The Pound-to-Dollar Rate Breaches 1.30 and with it the 50-Day Moving Average
Pound Sterling looks intent on registering its largest one-day rise against the US Dollar since late July.
The GBP/USD exchange rate is looking to rise into the 50-day moving average where Sterling would be expected to encountered renewed selling pressure. Such a break would typically indicate that follow-through momentum is likely.
Lower-than-expected Services sector data out this morning was not soft enough to damage Sterling's advance on the Dollar which appears to be technically inspired.
"As is the case for EUR/USD, we see current GBP price action mainly as technical in nature. Last week’s Brexit negotiations didn’t yield any concrete progress and this issue will return to the forefront but sterling shorts apparently are taking some chips of the table," says Piet Lammens, an analyst with KBC Markets in Brussels.

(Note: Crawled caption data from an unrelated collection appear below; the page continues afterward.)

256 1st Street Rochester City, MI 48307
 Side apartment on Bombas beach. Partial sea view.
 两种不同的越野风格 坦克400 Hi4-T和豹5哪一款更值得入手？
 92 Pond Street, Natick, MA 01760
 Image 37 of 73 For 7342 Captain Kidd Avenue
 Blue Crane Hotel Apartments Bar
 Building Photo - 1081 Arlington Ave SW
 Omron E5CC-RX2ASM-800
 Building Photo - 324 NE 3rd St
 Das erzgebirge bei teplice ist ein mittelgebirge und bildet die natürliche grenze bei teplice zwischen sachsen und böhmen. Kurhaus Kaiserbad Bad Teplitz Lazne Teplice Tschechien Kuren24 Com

Typically the 50-day moving average - the red line in the above - would be expected to resist further advances by Sterling but a break above her would open the door to further gains.
As noted in the graph, the last time the 50-day moving average was breached GBP/USD quickly accelerated from ~1.2850 to highs above 1.32. Often traders will enter a trade once levels of such resistance are breached in what amounts to a self-perpetuating movement.
The near-term direction undertaken by GBP/USD will largely depend on how this key level is navigated.
At the time of writing the 50-day moving average is at 1.2985 and the spot rate is at 1.3019 but a daily close would be required to convince us a break has occured.
Analyst Shaun Osborne with Scotiabank in Toronto says that the short-term outlook for Sterling will improve when back above the combination of 1.2985 (40-day MA) and 1.2995 (early September high).
"But that might only mean gains extending towards 1.3100/50 again," says Osborne.
"We had expected a little more weakness in the pound through Sep as a result of the slippage seen last month but more range trading seems the most likely prospect for Cable now," adds the analyst.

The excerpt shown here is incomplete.